Screenings In NYC: THE TAKING OF PELHAM ONE TWO THREE (1974)

The Taking Of Pelham One Two Three (1974)

 

 

THE TAKING OF PELHAM ONE TWO THREE (1974) is one of the great New York films of the 1970s.   Based on a novel by John Godey, the script was adapted by Peter Stone (CHARADE) and the movie was directed by Joseph Sargent (WHITE LIGHTNING; um… JAWS: THE REVENGE).  Because it’s a well-known and well-liked movie but not that well-known, it was a prime candidate to get sucked up by the modern-day remake machine.  It happens.  But do me a favor:  Check out the two posters side-by-side and tell me which video box you’d grab off the shelf first:

 

The Takings Of Pelham 1 2 3

 

(Note how they had to shorten and dumb-down the numbers to numerals for modern America.)

 

 

 

My advice, if you had to choose just one?

 

Skip over the remake and go straight to the original.  The 2009 iteration had its moments (a Tony Scott movie always does), and you can always count on Denzel, but overall, there was no great reason to re-do something that was plenty good enough to begin with.  It’s not the premise that’s the magic ingredient:  The central subway hijacking plot didn’t even make that much sense for 1974, let alone 2009.  That’s not what makes the movie so special.

 

What makes the original so special, actually, is the fact that Walter Matthau, as the protagonist, transit cop Zachary Garber, was so low-key and ramshackle, and Robert Shaw (Quint from JAWS, duh), as lead villain “Mr.
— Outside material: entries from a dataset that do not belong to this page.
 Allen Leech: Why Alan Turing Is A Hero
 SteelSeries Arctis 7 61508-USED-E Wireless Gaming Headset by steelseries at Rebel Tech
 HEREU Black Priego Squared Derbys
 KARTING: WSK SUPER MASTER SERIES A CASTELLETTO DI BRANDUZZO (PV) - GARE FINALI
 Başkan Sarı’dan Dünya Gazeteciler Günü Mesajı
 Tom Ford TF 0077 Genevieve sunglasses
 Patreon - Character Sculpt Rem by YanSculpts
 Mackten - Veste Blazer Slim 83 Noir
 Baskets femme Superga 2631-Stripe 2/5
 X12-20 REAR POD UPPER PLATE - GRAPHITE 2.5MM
Blue”, was so convincingly fearsome.  I also love the way that, in its final scenes, the movie charmingly downshifts from a tense 1970s ancestor of SPEED to a cozier feel, like an episode of ‘Murder She Wrote’.

 

 

Walter Matthau's doorway face.

 

 

In contrast, I love Denzel a ton, but he’s surely not describable as low-key and ramshackle.  (And Travolta, I am trying not to say too harshly, is NO Robert Shaw.)

 

My personal favorite thing about the original was the fact that a character named Rico Patrone (!!!) served as Matthau’s sidekick and that Rico Patrone was played by Jerry Stiller (Ben’s dad, from Seinfeld.)  I was pretty disappointed that there was no Rico Patrone in the newer movie.  They had Luis Guzmán right there on the set, it’s not like they couldn’t have made it happen.

 

 

Anyway, I vote for the original.  Great ‘seventies New York vibe, great score by David Shire, unreplaceable cast, and cinematography by the masterful Owen Roizman (THE EXORCISTNETWORK).  Accept no substitutes.

 

 

For more 1970s-vintage Matthau, see also:  CHARLIE VARRICK (1973)

 

 

THE TAKING OF PELHAM ONE TWO THREE is playing at 7pm at the soon-to-be-departed 92Y Tribeca.  Chris Newman, the film’s sound mixer, will be on hand for a Q&A.  This is a co-presentation with the very-interesting-sounding Cinebeasts Subway Series, which will be combining film and the NYC subway system for the next eight weeks.